# Weather for 'Black Forest' region late Sept ?



## vicdicdoc (May 14, 2005)

Thinking of going to the Black Forest region end of this month [Sept] for a couple of week trip . . any idea what weather we can expect ?
[  not planned anything yet so its either there or maybe Amsterdam


----------



## Rapide561 (Oct 1, 2005)

*Weather*

I have often been in Strasbourg (just over the River) in late September and October and have been pleasantly hot!

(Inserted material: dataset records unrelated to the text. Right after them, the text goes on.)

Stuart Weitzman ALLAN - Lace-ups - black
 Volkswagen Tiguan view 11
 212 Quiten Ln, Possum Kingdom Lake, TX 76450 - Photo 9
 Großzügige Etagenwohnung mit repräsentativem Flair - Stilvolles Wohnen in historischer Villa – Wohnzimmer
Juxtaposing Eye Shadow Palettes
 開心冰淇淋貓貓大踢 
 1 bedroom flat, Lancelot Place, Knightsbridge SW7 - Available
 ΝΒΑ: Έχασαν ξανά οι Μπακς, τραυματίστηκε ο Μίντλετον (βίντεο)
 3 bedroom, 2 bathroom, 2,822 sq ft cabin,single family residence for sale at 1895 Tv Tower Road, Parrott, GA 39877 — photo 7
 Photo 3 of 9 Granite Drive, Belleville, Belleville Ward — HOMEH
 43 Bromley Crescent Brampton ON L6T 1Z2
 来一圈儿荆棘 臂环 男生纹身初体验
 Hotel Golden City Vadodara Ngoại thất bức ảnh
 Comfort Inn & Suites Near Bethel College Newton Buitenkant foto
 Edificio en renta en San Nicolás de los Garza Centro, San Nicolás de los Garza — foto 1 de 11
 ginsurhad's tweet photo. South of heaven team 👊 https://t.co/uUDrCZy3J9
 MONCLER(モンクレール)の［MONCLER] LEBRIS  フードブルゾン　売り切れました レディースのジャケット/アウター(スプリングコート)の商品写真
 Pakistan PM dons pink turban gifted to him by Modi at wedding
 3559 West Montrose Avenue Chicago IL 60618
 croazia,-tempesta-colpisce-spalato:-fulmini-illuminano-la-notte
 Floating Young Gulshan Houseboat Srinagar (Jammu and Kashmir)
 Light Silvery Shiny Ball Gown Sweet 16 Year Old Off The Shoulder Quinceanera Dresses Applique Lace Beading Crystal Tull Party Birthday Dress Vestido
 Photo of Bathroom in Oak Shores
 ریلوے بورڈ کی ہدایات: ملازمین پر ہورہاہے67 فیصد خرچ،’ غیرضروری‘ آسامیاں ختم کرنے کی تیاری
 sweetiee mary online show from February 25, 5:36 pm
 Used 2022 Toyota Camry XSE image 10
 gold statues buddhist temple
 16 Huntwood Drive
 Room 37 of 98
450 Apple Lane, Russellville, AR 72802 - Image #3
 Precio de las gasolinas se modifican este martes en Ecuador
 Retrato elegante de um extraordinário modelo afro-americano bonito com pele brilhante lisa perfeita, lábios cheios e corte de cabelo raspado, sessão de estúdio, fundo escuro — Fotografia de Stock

I think it was about 2008 and the temperature on the way back from Italy was 33 degrees when we stopped at Obernai.

Russell


----------



## aldra (Jul 2, 2009)

Dont know about the weather in Oct

but we thought it was beautiful

Surreal 

Aldra


----------



## 96706 (Nov 13, 2005)

We are down along the mosel for a long weekend Wednesday / Sunday at the end of the month. Unless it snows, anything is better than what we've had in recent weeks.


----------



## geraldandannie (Jun 4, 2006)

>> THIS << is a link to the September monthly averages in Freiburg, which is in / near the Black Forest. 11°C - 18°C at the end of the month, which dips to 9°C - 15°C by mid-October.

Gerald


----------



## meavy (Jul 30, 2010)

With Gerald and Annie on this one. Check out the Kaiserstuhl area which is near Freiburg - supposedly the warmest area in Germany. Great wines too. We've just added a stellplatz to the database near the pretty town of Endingen. We had excellent weather a week ago.

If the weather isn't great, Bad Duerrheim has a fab spa and value fir money stellplatz.

Hope you enjoy your trip.

Susan


----------